Once or twice a year, I put together a band and we play down at Bucers, a local pub named after the Reformer Martin Bucer. One of the names we have used for this motley collection of a band has been the Jenny Geddes band, named after the stalwart woman at St. Giles in Edinburgh, who in the year 1637 threw her stool at the presiding minister’s head, he who was attempting to introduce the Book of Common Prayer as the form of worship there. The name Geddes is an honored one at our house — in addition to this business, I named the heroine in one of my kids’ books after her, and one of my granddaughters has a middle name of Geddes. And — this being the reason for bringing this up — last night we had a grand old time playing the blues and some other stuff.
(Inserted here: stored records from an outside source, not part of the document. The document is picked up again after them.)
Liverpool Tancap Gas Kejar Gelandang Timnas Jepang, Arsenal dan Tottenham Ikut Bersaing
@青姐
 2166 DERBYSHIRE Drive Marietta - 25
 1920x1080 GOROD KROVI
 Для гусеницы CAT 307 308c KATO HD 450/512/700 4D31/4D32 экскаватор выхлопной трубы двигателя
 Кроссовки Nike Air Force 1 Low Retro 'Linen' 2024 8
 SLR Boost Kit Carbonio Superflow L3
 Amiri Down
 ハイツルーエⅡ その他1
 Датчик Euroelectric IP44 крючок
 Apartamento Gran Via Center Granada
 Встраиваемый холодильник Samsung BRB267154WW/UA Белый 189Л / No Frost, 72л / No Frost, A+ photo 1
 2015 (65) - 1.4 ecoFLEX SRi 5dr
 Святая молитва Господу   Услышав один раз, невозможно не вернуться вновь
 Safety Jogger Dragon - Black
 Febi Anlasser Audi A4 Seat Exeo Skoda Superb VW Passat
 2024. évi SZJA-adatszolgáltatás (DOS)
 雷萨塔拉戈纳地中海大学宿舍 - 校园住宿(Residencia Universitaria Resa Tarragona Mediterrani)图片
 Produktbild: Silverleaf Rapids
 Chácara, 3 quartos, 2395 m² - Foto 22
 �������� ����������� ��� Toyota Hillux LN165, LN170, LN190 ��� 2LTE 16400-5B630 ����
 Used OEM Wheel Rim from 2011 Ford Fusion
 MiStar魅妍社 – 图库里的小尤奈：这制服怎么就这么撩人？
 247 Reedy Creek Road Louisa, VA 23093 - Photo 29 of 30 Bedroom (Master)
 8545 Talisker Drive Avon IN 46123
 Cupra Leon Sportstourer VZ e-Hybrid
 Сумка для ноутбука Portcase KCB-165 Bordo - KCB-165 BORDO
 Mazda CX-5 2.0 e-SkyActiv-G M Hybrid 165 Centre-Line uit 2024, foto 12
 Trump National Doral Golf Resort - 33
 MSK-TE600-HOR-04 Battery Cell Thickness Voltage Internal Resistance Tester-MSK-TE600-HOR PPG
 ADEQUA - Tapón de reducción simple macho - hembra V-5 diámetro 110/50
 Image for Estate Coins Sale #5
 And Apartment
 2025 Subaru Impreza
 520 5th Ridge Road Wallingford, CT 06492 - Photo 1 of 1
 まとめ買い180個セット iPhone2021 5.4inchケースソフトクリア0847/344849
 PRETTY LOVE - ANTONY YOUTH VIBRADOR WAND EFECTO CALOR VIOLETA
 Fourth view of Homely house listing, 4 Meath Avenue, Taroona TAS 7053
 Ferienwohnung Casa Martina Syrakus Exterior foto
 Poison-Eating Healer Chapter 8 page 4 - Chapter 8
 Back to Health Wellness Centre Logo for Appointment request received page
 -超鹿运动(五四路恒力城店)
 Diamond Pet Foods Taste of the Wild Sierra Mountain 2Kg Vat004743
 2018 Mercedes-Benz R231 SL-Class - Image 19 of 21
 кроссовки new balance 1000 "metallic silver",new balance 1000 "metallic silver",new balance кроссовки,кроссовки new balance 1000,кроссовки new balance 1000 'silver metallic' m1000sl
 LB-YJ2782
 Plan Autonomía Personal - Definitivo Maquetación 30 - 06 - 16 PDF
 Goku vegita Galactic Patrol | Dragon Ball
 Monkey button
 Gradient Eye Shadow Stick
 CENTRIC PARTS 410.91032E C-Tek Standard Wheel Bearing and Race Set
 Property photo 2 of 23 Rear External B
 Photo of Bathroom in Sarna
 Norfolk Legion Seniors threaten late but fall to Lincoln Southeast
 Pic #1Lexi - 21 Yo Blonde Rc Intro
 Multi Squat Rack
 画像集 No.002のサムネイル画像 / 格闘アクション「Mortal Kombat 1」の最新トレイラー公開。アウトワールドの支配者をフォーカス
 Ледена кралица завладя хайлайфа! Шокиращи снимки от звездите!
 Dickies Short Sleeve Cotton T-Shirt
But because of the email announcement that went out to our church about the event, I heard back that some were wondering about what beef I might have with the Book of Common Prayer. And the answer is, none at all, actually. The original BCP was the work of some of the great heroes of the faith, and modern day Anglicans could do a lot worse than return to their orginal roots and, as a matter of fact, a lot of them are doing a lot worse.
So why is Jenny Geddes to be honored and praised then? The answer is context. This event happened during the tenure of Archbishop Laud, a small-minded and petty man. His major faults were three — he abandoned the Calvinism of the 39 Articles, he attempted to achieve uniformity of worship by coercive means (which blew up in his face in Edinburgh, thanks to Jenny), and he was a persecutor of the saints, making full use of instruments like the Star Chamber. So, when Anglicans are worshiping the God of their fathers, I am all about the BCP. When they take the show on the road, as they have periodically done, I am on the side of those who resist the tyrannical binding of their consciences.
One other thing. In the interests of historic honesty, it also has to be said that when Laud fell from power, the way he was handled by his enemies was a disgrace. He was one of the bad guys in the history of the church, but he was still handled pretty roughly. His opponents, at least those responsible for his trial, had learned more from him than from Christ.